Si bien el MAG ha entregado incentivos y promovido buenas prácticas agrícolas, no se ha logrado revertir la caída histórica en la producción ni reducir la vulnerabilidad ante el cambio climático de manera estructural. La ausencia de una política nacional agropecuaria robusta, con énfasis en sistemas de riego, investigación tecnológica y acceso a créditos, deja al sector en una posición vulnerable.

La falta de previsión sobre el impacto acumulado del cambio climático y los costos crecientes de producción ha sido un factor que dificulta la respuesta oportuna ante esta problemática.

Implicaciones para la seguridad alimentaria y la economía nacional

La gravedad del déficit proyectado implica que El Salvador tendrá que incrementar su dependencia de las importaciones para cubrir la demanda interna de granos básicos. Esto puede traducirse en un aumento de los precios de la canasta básica, presionando la inflación alimentaria y afectando especialmente a los hogares de menores ingresos.
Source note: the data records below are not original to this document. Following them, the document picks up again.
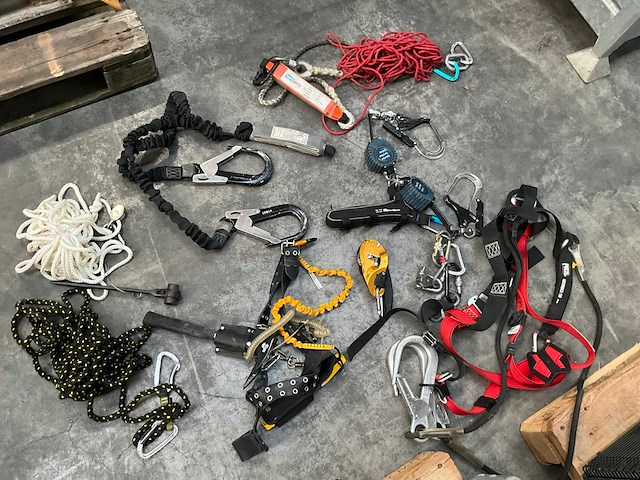 Diverse valbeveiliging - afbeelding 1 van  15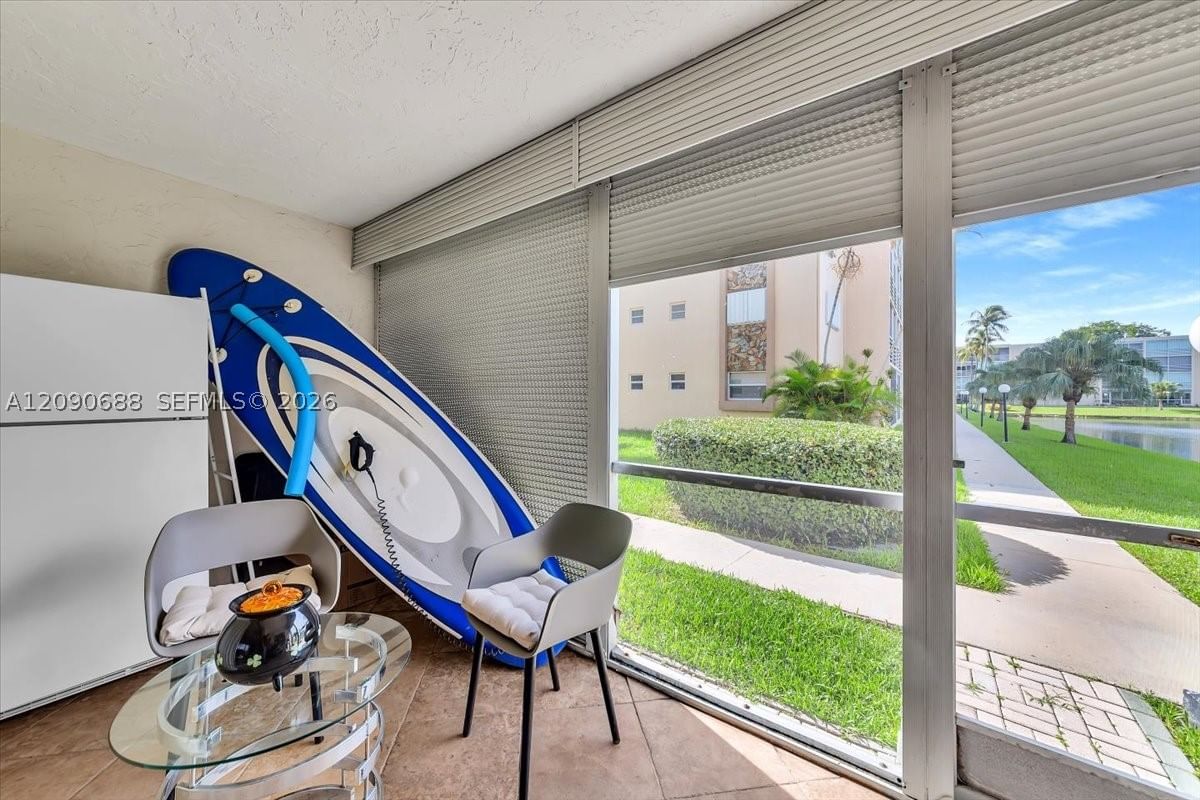 Real estate property located at 424 10th St #104, Broward, Meadowbrook Lakes Condo, Dania Beach, FL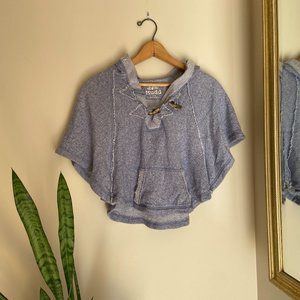 Periwinkle Cropped poncho
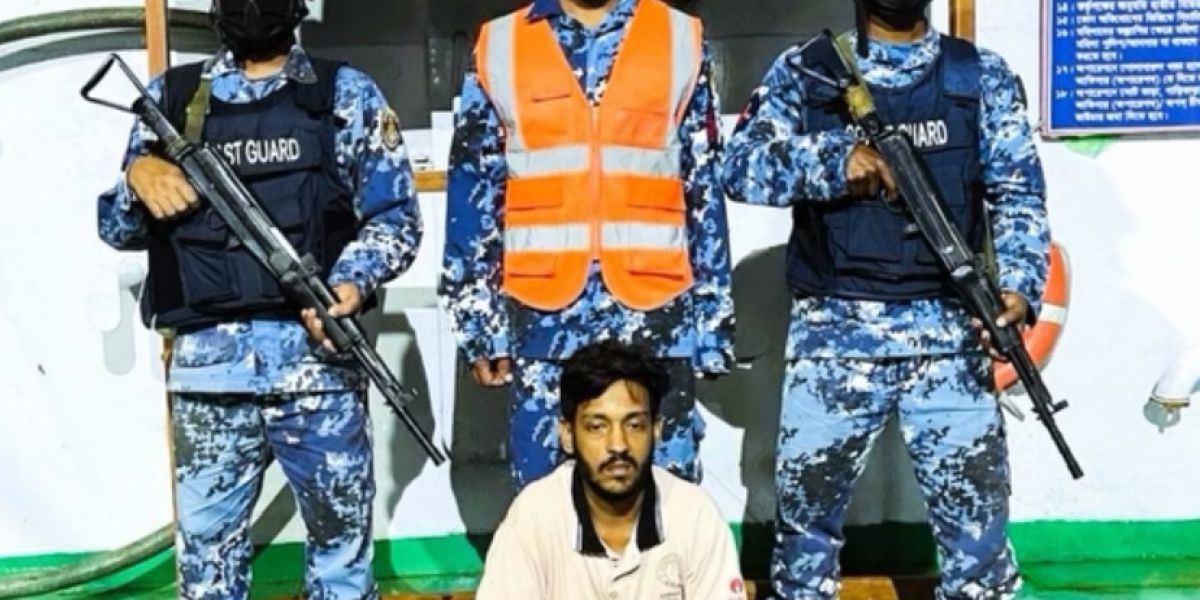 মোংলায় কোস্ট গার্ডের অভিযানে হরিণের মাংস ও পা'সহ আটক ১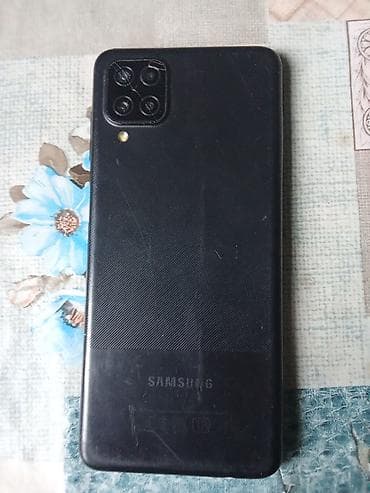 casper via a1: Samsung Galaxy A12, 32 GB, rəng - Qara, Qırıq — 2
Si bien no se trata de una crisis inevitable, la situación exige una respuesta inmediata y contundente para fortalecer la producción nacional. Expandir los paquetes agrícolas con semillas certificadas resistentes a la sequía, fertilizantes y asistencia técnica focalizada es fundamental. Además, se debe priorizar la atención a las zonas con mayor potencial productivo mediante la implementación de sistemas de riego de emergencia.

Medidas urgentes para mitigar el impacto

Visión de país para un futuro sostenible

Gobierno y sector productivo deben actuar con urgencia técnica y visión estratégica para garantizar la soberanía alimentaria del país. Aumentar la producción con calidad es la única forma de reducir la vulnerabilidad frente a las fluctuaciones del mercado internacional y los efectos del cambio climático.

Por ahora, la política agrícola en El Salvador muestra señales de haber sido más reactiva que proactiva, con acciones que en ocasiones responden a ocurrencias más que a un conocimiento profundo y planificación estructurada. La construcción de una política nacional agropecuaria sólida, basada en evidencia técnica y participación multisectorial, es una tarea impostergable para asegurar la estabilidad alimentaria y económica del país en los próximos años.